I need some suggestions for dealing with my pit bull mix's latest obsession - grass. Now I know a lot of dogs like to "graze". In fact, Coke and Legend will also chomp on grass if they are bored or I let them outside and forget to feed them after I've been gone all day. Indy is taking this to a completely different level. 

She has always been absolutely obsessed with food. If I am preparing a snack, she will sit there with her eyes popping out, drooling, and teeth chattering like crazy. I actually cannot use food in certain aspects of her training because she looses her mind. She eats like every meal is the first meal she's had in weeks. She also eats pretty much anything that isn't nailed down when it comes to small objects and debris. She's not destructive in the house, but eats anything small - leaves, woodchips, etc. Acorns are another obsession of hers but luckily we don't have them at home, I only have to deal with that for two weeks while we're at the cottage. Anyway, normally when I catch her grazing I verbally correct her, or if I'm inside I rap on the window and she stops. For a while I didn't think much of it, but starting this week she has now pooped in the house FOUR times (she has never previously had an accident since I've had her) and every time it has been this absolutely rancid poop that is basically like gooey grass. I'm posting this in the behavior section because I really think this is a behavioral issue, like she's neurotic. She is a very energetic, high drive dog and is very sweet with us but she is also pretty soft, sometimes kind of anxious.

So far what I've done is let her out to potty and then put her back inside. I hate doing this though because she has a lot of fun outside with Legend and she also is not a clingy dog, she doesn't mind being outside and napping in the sun, but if I can't literally watch her every second she will quickly start chomping mouthfuls of grass between wrestling matches with Legend or playing with toys. Today it got really hot here and I was outside a lot but working on chores and couldn't be watching her like a hawk so I threw some empty peanut butter containers in the yard. The few times I checked, she was working on those rather than eating grass so that may help, but I won't be able to bait her with treats every time we go out.
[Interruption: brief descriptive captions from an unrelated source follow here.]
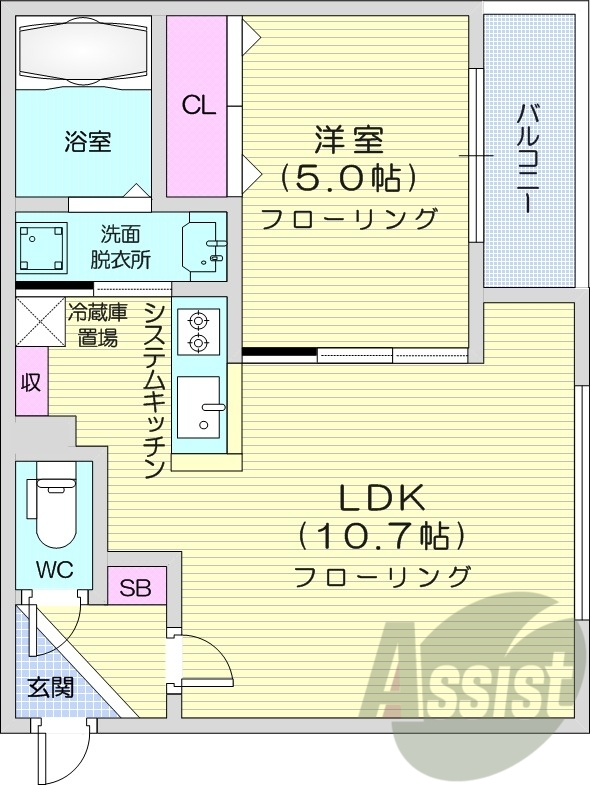 1LDK、エアコン、ペット可、オートロック、システムキッチン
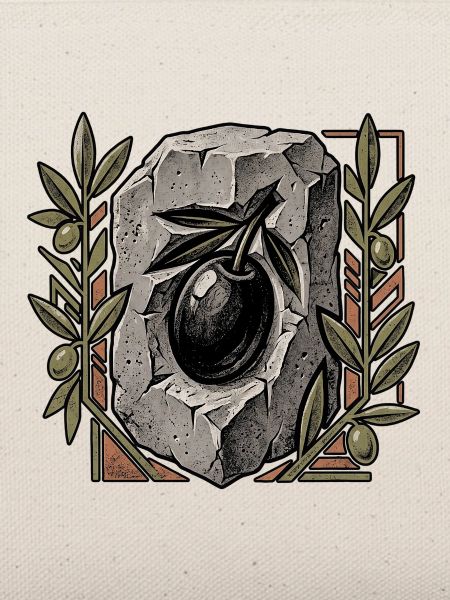 Olive aus Stein gemeisselt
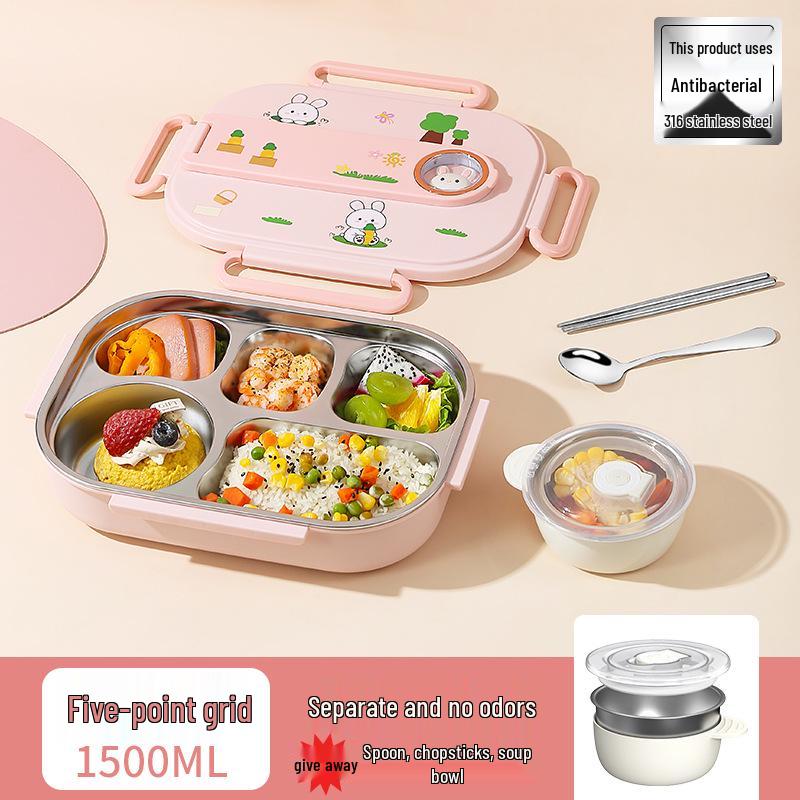 316 Stainless Steel Insulated Bento Lunch Box for First-Grade Girls, Four Compartments, Perfect for School.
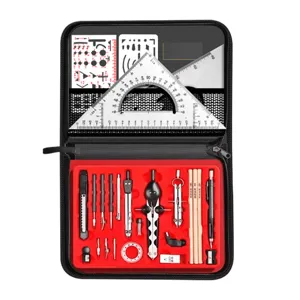 Professionelles Ingenieurmechanisches Zeichnen Konstruktionswerkzeug Set Mit Zirkel Linealen Bleistiften Leinwandtasche Für Studenten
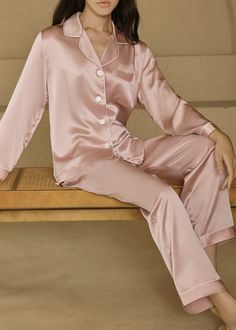 Piped Silk Pajama Set Elegant Solid Color Sleepwear, Fancy Pijama, Silk Pjs Aesthetic, Silk Pajamas Aesthetic, Princess Pjs, Fancy Pjs, Preppy Pjs, Birthday 14th, Pink Silk Pajamas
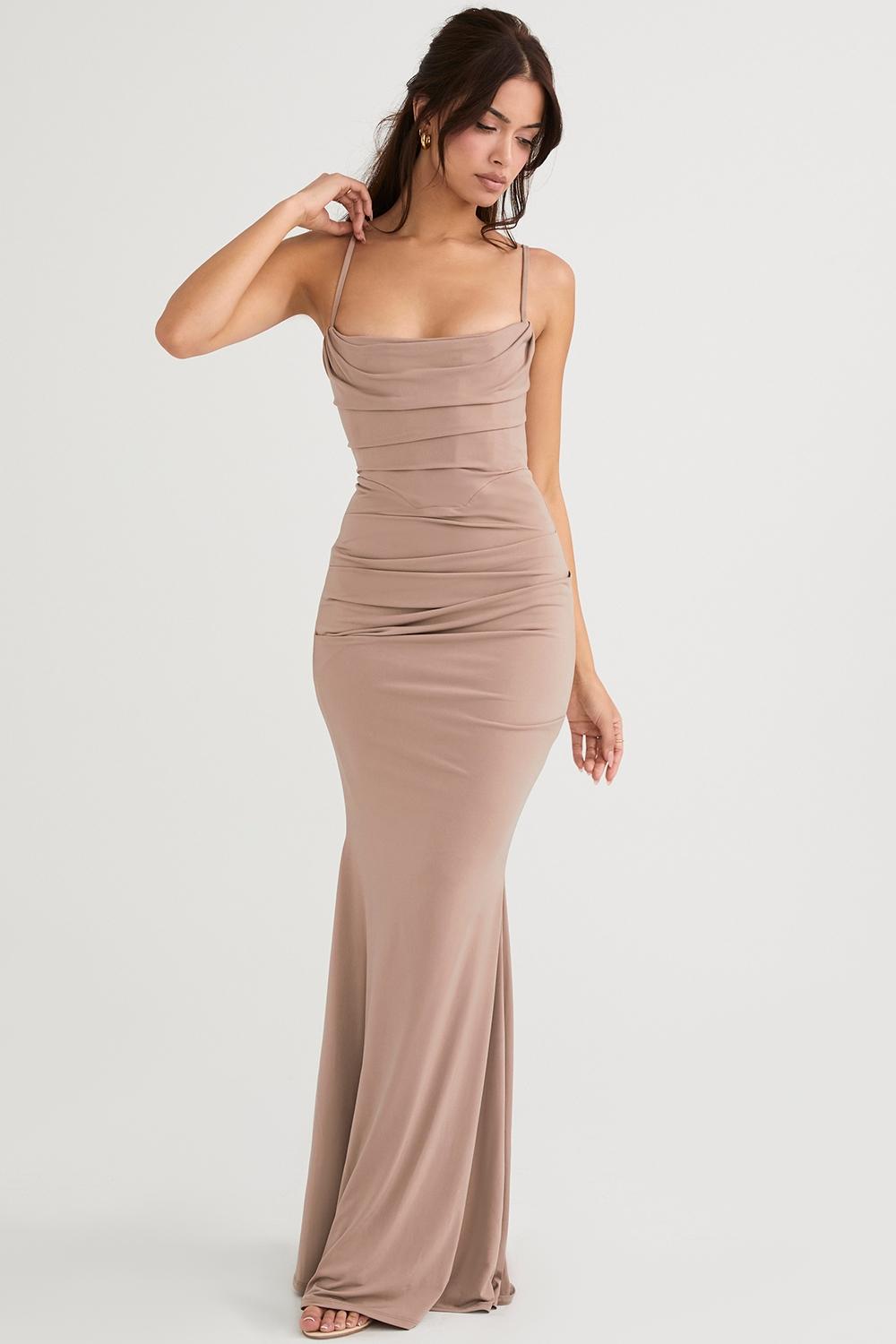 Milena  almond jersey corset maxi dress Product Image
I'm just curious if anyone's seen this before and how you handled it. Again, this is not the occasional grass grazing or even puking grass and bile (Coke does that). She is literally inhaling it and when she poops it out, it's like a Great Dane sized poop (she weighs less than 40lbs). She poops 2-3 times a day and they are larger poops than my GSDs,the majority of it looks like a wet bird's nest. Also I'm sick of cleaning up the rancid mess when she has accidents. Up until this week she's been a wonderful dog in the house, either free or in a crate, and had never had an accident.


----------



## GatorBytes (Jul 16, 2012)

Chlorophyll.

Funny, when I added dogs to "chlorophyll in lawn grass"...got this link 3 little Pitties.

This kind of explains, but gives you couple things to try...you could also try spirulina or chlorella - chlorophyll oxygenates the blood.

Why Do Dogs Eat Grass?


----------



## llombardo (Dec 11, 2011)

Mine are obsessed with the sticks a couple dig for grubs I have noticed more grass eating in the last couple days and I noticed ants. I have been on all of there butts for a while now .


----------



## Lilie (Feb 3, 2010)

My Golden has minor seizures. He always has. They've never been bad enough that the vet wanted to put him on meds. We thought he'd get worse as he aged, but he hasn't. He does have behavioral problems, both with aggression and OCD behaviors. 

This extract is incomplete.